Si agita senza scopo, in un tentativo inconscio e furioso di strapparsi le gambe di dosso, come se ciò potesse servire in qualche modo a lenire il suo tormento. Ramsay ride di lui, e si prende tutto il tempo che gli serve ed anche di più per sciogliere i nodi attorno alle sue caviglie, e svitare i perni che tengono immobili i suoi piedi.

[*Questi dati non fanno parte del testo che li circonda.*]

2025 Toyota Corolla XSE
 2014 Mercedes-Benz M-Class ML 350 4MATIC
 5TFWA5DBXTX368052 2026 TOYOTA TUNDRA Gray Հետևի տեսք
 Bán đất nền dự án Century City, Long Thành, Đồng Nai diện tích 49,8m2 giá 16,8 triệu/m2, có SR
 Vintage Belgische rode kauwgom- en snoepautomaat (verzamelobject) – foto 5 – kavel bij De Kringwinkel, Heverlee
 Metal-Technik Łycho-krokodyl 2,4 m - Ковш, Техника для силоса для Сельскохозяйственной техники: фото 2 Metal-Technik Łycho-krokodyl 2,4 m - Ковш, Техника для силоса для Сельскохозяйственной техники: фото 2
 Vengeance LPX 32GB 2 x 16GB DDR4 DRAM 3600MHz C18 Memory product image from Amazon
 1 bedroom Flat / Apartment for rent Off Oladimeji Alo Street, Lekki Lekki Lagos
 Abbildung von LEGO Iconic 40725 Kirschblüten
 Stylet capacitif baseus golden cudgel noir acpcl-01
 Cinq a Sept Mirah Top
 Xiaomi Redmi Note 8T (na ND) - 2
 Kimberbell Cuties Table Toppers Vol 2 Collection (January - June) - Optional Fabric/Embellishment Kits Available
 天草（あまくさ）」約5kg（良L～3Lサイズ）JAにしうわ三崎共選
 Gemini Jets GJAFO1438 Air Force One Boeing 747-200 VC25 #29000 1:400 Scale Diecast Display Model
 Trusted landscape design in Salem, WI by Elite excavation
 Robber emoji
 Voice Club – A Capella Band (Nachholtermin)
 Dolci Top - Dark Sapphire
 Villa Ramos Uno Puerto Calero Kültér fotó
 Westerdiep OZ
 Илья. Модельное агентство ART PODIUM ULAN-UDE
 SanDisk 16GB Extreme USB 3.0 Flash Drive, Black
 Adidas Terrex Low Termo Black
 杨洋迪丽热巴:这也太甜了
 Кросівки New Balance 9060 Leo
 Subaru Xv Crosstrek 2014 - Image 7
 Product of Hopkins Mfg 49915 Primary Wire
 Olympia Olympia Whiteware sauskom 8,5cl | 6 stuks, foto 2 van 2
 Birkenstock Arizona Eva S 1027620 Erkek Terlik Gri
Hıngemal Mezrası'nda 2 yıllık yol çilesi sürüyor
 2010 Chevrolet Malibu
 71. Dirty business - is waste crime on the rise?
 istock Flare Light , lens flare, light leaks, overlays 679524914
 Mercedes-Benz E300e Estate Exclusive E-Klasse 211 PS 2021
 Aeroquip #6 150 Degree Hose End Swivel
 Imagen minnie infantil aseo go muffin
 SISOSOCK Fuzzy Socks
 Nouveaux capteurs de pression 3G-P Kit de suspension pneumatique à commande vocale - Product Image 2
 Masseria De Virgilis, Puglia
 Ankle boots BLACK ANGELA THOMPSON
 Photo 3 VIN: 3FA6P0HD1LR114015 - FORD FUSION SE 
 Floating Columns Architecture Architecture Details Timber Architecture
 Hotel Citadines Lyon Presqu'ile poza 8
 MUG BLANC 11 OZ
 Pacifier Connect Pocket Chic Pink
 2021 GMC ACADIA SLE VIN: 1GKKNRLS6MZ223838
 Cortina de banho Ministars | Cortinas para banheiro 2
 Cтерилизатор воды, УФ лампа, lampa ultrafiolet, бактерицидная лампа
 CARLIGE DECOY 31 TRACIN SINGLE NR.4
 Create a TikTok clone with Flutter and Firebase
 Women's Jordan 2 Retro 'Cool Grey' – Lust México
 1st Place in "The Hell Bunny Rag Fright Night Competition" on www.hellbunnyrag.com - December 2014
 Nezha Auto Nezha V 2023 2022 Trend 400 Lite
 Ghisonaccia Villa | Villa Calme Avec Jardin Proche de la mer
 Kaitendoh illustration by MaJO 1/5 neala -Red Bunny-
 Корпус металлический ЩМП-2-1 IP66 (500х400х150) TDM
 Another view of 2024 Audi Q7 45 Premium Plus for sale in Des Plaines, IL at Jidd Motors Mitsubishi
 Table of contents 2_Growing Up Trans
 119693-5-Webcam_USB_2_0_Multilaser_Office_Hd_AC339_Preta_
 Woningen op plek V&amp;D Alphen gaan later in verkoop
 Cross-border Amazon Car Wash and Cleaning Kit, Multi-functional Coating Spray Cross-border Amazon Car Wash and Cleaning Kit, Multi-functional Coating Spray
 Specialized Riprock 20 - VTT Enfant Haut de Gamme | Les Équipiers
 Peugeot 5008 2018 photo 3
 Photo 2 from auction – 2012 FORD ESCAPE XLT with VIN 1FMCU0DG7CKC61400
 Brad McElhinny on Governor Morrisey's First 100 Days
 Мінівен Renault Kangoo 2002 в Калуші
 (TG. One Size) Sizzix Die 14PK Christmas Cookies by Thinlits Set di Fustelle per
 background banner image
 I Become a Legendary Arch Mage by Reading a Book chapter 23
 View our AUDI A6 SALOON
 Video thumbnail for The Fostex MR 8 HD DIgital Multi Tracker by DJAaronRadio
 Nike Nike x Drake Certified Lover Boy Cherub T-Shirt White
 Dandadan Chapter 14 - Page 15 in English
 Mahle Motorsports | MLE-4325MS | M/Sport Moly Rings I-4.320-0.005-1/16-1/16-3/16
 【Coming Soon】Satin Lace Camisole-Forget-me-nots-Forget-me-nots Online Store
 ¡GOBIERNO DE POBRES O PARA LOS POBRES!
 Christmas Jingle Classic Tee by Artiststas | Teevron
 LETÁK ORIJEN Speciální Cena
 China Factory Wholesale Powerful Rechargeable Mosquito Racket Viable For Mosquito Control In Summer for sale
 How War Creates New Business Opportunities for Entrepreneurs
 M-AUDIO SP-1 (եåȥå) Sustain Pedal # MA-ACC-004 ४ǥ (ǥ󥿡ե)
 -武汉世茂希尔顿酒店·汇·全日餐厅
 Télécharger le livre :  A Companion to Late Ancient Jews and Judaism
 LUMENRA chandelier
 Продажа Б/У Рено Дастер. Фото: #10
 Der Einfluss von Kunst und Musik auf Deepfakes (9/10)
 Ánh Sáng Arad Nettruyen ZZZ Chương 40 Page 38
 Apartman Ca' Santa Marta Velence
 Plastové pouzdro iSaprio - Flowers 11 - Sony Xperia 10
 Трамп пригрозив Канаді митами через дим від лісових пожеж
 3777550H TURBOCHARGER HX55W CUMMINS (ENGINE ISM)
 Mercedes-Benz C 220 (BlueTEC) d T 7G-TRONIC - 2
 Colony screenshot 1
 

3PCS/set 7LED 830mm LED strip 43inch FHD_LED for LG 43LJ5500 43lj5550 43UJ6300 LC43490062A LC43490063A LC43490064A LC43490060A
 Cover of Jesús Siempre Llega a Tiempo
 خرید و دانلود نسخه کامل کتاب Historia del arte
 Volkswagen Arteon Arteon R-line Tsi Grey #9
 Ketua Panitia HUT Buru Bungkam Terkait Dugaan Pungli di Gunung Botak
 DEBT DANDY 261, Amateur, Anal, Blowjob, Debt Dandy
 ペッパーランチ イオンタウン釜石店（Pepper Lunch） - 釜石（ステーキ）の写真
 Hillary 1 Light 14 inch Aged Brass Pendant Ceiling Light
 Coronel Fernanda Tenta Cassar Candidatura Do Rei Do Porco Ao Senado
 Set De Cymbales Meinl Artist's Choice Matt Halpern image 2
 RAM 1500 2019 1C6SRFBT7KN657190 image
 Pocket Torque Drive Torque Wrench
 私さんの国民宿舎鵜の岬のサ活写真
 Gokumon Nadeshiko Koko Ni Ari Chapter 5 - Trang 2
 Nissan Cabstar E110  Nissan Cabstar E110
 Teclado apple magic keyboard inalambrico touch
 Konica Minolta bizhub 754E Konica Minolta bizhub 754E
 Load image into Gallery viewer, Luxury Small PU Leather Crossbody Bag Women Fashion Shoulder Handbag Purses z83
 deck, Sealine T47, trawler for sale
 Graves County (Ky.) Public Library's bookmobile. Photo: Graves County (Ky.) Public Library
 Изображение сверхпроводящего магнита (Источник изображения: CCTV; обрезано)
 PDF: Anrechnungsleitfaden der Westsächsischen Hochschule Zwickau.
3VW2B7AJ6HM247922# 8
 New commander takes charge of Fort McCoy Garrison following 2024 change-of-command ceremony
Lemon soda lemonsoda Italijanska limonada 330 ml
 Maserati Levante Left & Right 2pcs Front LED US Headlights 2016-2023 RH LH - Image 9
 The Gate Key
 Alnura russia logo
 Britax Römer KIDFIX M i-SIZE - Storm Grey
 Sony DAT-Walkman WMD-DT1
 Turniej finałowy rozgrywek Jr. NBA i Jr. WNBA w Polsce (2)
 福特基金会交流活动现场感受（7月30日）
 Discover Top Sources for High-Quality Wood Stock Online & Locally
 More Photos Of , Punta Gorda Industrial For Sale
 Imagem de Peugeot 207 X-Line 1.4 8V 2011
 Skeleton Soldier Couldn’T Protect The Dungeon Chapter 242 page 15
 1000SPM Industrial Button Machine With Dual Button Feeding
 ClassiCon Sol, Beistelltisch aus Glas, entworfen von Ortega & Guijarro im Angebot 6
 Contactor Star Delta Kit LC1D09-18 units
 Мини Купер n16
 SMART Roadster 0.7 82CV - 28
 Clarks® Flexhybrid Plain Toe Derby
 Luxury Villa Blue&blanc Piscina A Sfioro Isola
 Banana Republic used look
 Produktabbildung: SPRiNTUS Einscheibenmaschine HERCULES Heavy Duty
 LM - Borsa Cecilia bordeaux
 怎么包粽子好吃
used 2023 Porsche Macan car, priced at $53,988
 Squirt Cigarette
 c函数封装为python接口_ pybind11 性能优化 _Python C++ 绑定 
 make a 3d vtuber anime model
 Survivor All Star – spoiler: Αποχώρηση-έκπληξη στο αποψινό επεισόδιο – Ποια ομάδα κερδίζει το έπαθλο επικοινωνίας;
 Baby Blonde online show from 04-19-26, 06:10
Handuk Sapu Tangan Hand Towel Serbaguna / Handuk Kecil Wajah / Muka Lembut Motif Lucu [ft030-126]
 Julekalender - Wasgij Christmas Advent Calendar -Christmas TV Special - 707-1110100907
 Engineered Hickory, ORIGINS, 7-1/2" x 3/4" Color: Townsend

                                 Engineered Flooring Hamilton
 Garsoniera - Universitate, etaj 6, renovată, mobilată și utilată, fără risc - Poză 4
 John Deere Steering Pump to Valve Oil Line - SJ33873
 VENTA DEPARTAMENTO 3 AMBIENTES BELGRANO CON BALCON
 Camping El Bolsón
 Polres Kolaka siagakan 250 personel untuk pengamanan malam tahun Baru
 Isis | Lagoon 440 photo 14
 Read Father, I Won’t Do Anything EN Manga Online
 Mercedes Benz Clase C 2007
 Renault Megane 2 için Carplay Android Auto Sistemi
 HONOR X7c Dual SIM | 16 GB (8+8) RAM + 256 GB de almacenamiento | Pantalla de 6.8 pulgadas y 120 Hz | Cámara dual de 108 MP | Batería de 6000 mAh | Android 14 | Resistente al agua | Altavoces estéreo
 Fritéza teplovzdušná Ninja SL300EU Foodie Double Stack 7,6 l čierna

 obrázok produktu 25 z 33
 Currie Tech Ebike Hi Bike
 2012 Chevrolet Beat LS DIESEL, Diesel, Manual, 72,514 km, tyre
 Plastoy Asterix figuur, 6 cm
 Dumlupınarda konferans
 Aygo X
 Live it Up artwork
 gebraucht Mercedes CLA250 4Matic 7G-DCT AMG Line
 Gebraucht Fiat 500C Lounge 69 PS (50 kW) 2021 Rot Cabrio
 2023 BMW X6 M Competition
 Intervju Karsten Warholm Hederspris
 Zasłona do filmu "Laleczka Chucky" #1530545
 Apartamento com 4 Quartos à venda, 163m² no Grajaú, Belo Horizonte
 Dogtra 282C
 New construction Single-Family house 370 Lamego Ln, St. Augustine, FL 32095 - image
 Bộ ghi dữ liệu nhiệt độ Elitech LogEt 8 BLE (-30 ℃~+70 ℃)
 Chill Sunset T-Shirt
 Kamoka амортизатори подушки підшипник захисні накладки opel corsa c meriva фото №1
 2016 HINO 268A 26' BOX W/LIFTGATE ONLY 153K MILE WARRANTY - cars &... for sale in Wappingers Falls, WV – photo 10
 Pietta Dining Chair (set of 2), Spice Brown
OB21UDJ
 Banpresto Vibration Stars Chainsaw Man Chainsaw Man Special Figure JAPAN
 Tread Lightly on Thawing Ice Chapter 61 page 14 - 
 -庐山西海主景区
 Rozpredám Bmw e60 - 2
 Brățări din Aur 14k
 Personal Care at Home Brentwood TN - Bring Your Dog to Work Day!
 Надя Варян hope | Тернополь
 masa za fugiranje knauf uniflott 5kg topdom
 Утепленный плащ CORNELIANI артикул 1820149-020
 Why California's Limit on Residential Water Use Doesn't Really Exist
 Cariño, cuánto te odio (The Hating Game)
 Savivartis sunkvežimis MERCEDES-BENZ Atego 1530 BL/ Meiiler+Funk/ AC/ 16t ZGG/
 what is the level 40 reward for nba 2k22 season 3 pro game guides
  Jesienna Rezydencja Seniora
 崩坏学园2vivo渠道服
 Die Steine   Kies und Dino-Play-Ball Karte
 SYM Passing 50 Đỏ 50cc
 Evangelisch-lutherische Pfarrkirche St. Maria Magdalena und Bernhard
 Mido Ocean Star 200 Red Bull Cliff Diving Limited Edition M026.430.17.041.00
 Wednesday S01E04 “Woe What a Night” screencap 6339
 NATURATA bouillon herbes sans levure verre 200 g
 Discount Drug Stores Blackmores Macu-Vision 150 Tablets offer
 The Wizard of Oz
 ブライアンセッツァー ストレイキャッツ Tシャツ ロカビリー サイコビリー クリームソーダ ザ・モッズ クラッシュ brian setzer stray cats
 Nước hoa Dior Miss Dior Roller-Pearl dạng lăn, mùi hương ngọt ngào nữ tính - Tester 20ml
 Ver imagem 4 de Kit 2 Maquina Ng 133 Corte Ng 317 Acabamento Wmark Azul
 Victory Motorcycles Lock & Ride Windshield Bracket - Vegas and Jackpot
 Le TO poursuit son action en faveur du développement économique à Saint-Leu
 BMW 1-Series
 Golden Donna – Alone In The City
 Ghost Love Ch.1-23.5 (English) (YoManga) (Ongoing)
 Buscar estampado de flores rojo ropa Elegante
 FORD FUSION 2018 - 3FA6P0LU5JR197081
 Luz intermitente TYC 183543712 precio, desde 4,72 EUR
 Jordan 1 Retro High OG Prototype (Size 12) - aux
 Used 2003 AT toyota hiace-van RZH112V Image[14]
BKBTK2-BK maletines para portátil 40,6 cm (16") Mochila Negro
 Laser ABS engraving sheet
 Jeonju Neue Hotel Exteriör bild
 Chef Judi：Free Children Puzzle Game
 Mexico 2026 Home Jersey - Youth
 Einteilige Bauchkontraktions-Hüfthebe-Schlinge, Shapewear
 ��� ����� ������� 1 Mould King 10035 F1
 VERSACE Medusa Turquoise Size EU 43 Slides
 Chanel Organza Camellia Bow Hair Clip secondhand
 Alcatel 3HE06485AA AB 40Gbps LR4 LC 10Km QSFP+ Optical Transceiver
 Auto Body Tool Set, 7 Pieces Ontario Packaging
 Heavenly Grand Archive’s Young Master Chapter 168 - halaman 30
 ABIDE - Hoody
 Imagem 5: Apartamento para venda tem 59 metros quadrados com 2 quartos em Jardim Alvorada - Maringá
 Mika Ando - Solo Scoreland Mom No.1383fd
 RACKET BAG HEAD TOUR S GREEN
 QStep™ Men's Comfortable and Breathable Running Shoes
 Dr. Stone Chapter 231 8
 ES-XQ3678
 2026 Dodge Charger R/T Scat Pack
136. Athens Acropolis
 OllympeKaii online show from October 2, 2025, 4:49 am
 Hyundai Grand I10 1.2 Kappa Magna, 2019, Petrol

Theon nasconde il viso contro il pavimento, piangendo rumorosamente senza una lacrima. La porta è a pochi metri da lui, ma anche se riuscisse a strisciare fin lì sa che non riuscirebbe mai ad andare oltre. Dove, poi? In che luogo? Non c’è niente, per lui, oltre quel rettangolo di luce. C’è il mondo da cui proviene, ma al quale non può tornare. Non ha più una casa, non ha più una famiglia. Non ha più nemmeno un nome da difendere. Reek è tutto quello che gli resta, e Theon urla perché preferirebbe non avere più nulla.
Urla così a lungo da potersi illudere di buttare fuori dai polmoni anche l’ultimo granello d’aria, l’ultimo respiro che potrebbe mai esalare. Urla fino a riuscire a illudersi di poter morire di dolore. Ma quando la sua voce si spegne, il suo respiro è ancora lì, e lui è ancora vivo. Ostinatamente, irrazionalmente aggrappato ai battiti del proprio cuore finché non gli sanguinano le dita.
Ramsay attende in silenzio, finché non lo vede accasciarsi nuovamente sul pavimento, privo di forze. “Hai finito?” chiede quindi, gelido come la pietra contro la quale Theon si schiaccia, nel tentativo di colare via fra le crepe e disperdersi nella terra, come il proprio sangue. “Finalmente,” commenta, quando non ottiene risposta. Poi si china e lo afferra per la cintola, sollevandolo dal pavimento e trascinandolo verso il tavolo. “Sei insopportabile quando gridi prima ancora che io ti tocchi,” lo rimprovera aspramente, sbattendolo con forza sopra la superficie di legno. L’angolo appuntito gli si conficca nel fianco – privo di forze, prossimo alla perdita di conoscenza, Theon non riesce a far altro che gemere pietosamente. “Ora urla perché ti sto toccando,” conclude Ramsay, e Theon si sente addosso il suo ghigno storto e spaventoso, i suoi occhi spalancati che gli scavano ferite profonde sotto la pelle. E poi le sue mani, mentre svelte gli strattonano i pantaloni lungo le gambe, lasciandolo nudo ed esposto. E le dita che gli stringono con forza le natiche, allargandole per esporre la sua apertura.
E poi lui che si fa strada dentro il suo corpo, duro ed enorme e bollente come una mazza infuocata. “Urla,” sibila Ramsay, annusandogli il collo e mordendogli un orecchio fino a farlo sanguinare, “Urla, adesso.”
Gli si mozza il respiro in gola e sviene prima di potere anche solo cominciare.